I Love Lucy and The Honeymooners remind us of the original television format – one that is still with us today. It was designed around light emitting phosphors and electron beams that needed to be steered onto a cathode ray tube (CRT) using synchronizing signals. To support those technologies, the first analog video signal was designed as a composite of picture information and synchronizing signals conveniently transported on a single cable. Did I mention the system was only capable of black and white images?
A color system was the next challenge. Several systems were proposed, but the requirement for the new color system to be backward compatible, limited what could be accomplished. Development of the color system resulted in the color information being added on top of the luminance picture information creating today’s color composite (luminance, color and sync) analog signal.
Over time, the need for television to match the quality and resolution of the film theater experience began driving new standards and video formats. Over the years, the effort has been to move away from the limited composite video format and to develop transport mediums that are capable of providing higher resolution video for the home theater experience.
The computer industry has been a major driver in the development of higher resolution images, as well. Computers internally generate video digitally and convert the signal to an analog output. The quality is defined by the number of picture elements in a row (Pixels) and the number of lines in the image. The first popular resolution was 640 pixels across by 480 lines down. This resolution became known as the “VGA” standard and closely approximates the television image in picture size and quality. The VGA connector is found on almost all computers to this day, regardless of the higher resolution capabilities of today’s computer’s graphics cards.
Over time, increased resolutions were developed, starting with 800×600 and increasing to – well pick your number. We are seeing common resolutions today up to 4096x 2048 and development of 10k and possibly 20k resolutions. The most common resolution, however, is still 1024×768.
Analog Video Hierarchy
I have described the composite video signal and the “VGA” computer signal. These are the two extremes of what we call the video hierarchy. This is a ranking of signal transport methods based on their ability to provide the best overall analog signal performance. Here is a listing of the various analog signal transport types from highest quality to lowest quality.
This is the most common format for transporting computer and high resolution video signals. This format contains three separate video signals (red, green, blue) and separate horizontal and vertical synchronizing signals. It is essentially a “five wire” analog video system most commonly transported through an HD15 pin “VGA” connector and “VGA” cable.
The standard “VGA” cable contains five separate small coax cables. For convenience, this cable is usually fairly small. In larger commercial systems, the RGBHV signal is transported over a cable made up of five larger coax cables, bundled together inside an outer protective jacket. These RGBHV cables come in three sizes, or diameters: mini, hi-res (RG59) and super hi-res (RG6). The largest cable is the size of a garden hose and can be difficult to work with and install. The larger the cable size, however, the better the performance. BNC connectors are used on the end of each individual coax cable and provide a secure and high quality electronic connection.

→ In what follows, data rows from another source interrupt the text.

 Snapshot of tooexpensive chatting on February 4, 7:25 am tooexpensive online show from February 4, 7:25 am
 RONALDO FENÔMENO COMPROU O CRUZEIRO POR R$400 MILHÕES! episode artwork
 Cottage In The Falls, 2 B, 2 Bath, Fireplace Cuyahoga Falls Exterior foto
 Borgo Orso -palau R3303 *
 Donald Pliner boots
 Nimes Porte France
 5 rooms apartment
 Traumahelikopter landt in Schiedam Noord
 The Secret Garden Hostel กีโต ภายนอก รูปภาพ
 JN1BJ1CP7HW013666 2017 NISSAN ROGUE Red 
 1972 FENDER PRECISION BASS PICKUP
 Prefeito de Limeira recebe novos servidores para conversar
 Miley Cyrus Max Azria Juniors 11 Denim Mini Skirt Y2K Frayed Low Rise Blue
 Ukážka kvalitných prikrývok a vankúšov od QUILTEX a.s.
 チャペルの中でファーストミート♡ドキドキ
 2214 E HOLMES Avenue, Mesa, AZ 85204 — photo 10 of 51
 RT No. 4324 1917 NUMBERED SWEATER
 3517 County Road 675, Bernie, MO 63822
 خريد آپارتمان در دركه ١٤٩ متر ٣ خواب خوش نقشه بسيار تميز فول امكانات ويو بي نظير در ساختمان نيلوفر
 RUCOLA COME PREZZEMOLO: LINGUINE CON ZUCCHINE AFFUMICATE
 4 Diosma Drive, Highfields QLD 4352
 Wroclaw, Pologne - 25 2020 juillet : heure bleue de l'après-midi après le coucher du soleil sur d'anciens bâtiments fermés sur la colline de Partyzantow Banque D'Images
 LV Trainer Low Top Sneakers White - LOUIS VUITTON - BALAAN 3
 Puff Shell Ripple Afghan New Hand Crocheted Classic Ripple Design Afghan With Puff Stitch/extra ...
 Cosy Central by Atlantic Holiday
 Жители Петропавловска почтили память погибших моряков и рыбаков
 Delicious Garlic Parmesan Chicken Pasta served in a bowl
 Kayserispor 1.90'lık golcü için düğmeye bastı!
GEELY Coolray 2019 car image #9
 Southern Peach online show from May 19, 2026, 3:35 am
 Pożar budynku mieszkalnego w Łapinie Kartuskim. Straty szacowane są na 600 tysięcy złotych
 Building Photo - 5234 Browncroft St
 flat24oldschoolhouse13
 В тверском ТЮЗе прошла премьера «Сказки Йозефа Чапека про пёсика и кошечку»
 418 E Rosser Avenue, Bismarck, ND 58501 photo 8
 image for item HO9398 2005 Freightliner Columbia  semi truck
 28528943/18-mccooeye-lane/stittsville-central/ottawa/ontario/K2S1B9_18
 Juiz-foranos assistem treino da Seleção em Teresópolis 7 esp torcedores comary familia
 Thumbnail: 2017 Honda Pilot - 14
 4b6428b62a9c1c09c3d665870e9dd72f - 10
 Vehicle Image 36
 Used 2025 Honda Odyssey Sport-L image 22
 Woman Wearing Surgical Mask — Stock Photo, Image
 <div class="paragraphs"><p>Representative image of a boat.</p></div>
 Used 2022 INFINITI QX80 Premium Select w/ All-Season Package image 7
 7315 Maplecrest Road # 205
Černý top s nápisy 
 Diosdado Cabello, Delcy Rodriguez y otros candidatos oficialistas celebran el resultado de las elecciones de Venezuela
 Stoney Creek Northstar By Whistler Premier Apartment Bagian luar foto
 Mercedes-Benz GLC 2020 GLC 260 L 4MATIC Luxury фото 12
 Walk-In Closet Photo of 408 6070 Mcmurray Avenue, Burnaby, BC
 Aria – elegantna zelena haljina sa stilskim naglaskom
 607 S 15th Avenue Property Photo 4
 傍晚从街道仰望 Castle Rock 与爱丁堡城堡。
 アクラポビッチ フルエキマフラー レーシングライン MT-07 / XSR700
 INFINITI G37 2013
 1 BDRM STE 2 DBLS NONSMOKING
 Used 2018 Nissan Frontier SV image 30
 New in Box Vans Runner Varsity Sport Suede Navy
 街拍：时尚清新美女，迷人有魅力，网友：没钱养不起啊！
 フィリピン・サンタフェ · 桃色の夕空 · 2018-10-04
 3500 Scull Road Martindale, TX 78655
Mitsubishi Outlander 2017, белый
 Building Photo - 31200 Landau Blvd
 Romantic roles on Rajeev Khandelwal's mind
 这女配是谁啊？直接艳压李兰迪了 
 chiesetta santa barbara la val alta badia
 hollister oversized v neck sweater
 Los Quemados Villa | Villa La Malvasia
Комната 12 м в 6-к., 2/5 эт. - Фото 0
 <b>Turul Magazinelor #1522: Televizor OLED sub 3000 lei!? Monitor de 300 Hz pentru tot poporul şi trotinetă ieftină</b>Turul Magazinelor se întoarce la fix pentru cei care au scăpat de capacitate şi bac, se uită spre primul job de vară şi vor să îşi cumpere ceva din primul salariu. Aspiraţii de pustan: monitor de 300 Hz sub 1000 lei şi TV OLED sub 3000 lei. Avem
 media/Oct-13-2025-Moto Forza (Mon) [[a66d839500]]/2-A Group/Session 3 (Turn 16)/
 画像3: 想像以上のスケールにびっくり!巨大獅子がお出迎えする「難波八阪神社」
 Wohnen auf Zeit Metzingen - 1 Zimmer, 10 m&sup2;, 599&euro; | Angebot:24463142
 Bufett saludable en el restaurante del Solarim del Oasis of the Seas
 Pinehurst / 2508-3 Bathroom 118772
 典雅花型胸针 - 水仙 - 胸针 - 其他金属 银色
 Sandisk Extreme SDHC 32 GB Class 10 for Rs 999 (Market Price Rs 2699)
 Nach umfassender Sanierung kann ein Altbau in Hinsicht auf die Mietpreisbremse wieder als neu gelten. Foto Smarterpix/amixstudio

Separating the color and horizontal/vertical sync signals in this RGBHV five wire system provides a transport medium that can deliver very high resolutions. In this system, it is easy to accurately control luminance, color, picture position and picture size because of the independent nature of the format throughout the entire signal chain.
The RGBHV signal format is the highest quality analog video transport format for computer and other high resolution devices.
This is a computer video format with Red, Green, Blue and separate composite (combined horizontal and vertical) sync. This is a four wire system and is generally used in very large systems where removing one wire of the five wire RGBHV signal system will lead to substantial savings in cable, hardware and installation labor.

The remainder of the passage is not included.